1.   The first sentence of Section 4(a) is replaced with, and superseded by, the
     following language:

              For purposes of making the computations described herein, MGI and
              all lower (with respect to MGI) tier entities, including
              newly-formed Restricted Subsidiaries, in which MGI has direct or
              indirect ownership (individually and collectively referred to as
              "MGI Subgroup Subsidiary" or "MGI Subgroup Subsidiaries") shall be
              treated as an affiliated group of corporations (the "MGI
              Subgroup"), the common parent of which is MGI, provided, however,
              that the MGI Subgroup shall only include any MGI Subgroup
              Subsidiary to the extent that such MGI Subgroup Subsidiary meets
              the test of affiliation under Section 1504 of the Code as it would
              apply to the MGI Subgroup.

2.   Sections 4(h), (i), and (j) are redesignated as Sections 4(i), (j), and
     (k), respectively.

3.   Section 4 is amended by adding the following language as new subsection
     (h):

              For purposes of Section 4(c) of this Agreement, net operating
              losses of MGI Subgroup Members arising after August 31, 1993 are
              available to offset Salmon Creek Corporation's 1999 taxable income
              recognized on the sale of its Headwaters timberlands.

4.   Section 4(j), as redesignated, is amended by changing the reference
     contained therein from "subsection (h)" to "subsection (i)."

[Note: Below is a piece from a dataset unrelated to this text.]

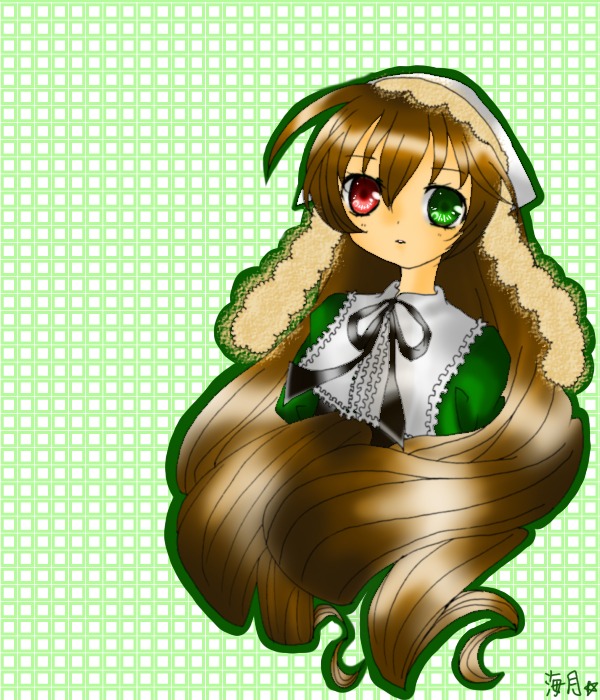 1girl brown_hair dress frills green_background green_dress green_eyes head_scarf heterochromia image long_hair long_sleeves looking_at_viewer plaid_background red_eyes solo suiseiseki very_long_hair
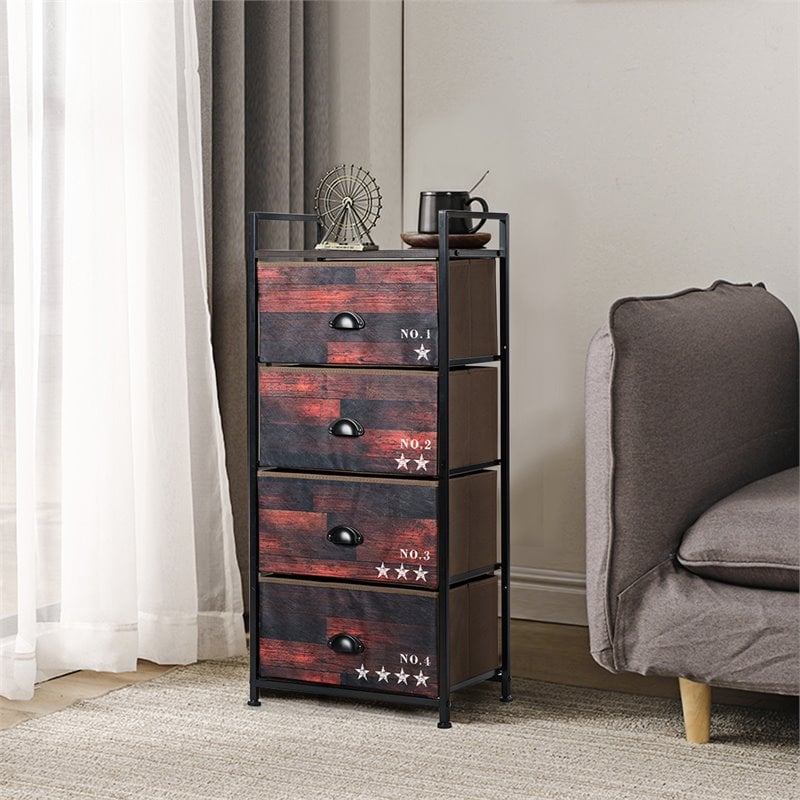 Costway 4-drawer Steel and MDF Dresser Storage Tower in Brown and Black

         IN WITNESS WHEREOF, MAXXAM and MGI have executed this Amendment of Tax
Allocation Agreement by duly authorized officers thereof as of December 31,
2001.


                                  MAXXAM Inc.


                                  By: /s/ Paul N. Schwartz

                                  Title: President




                                  MAXXAM Group Inc.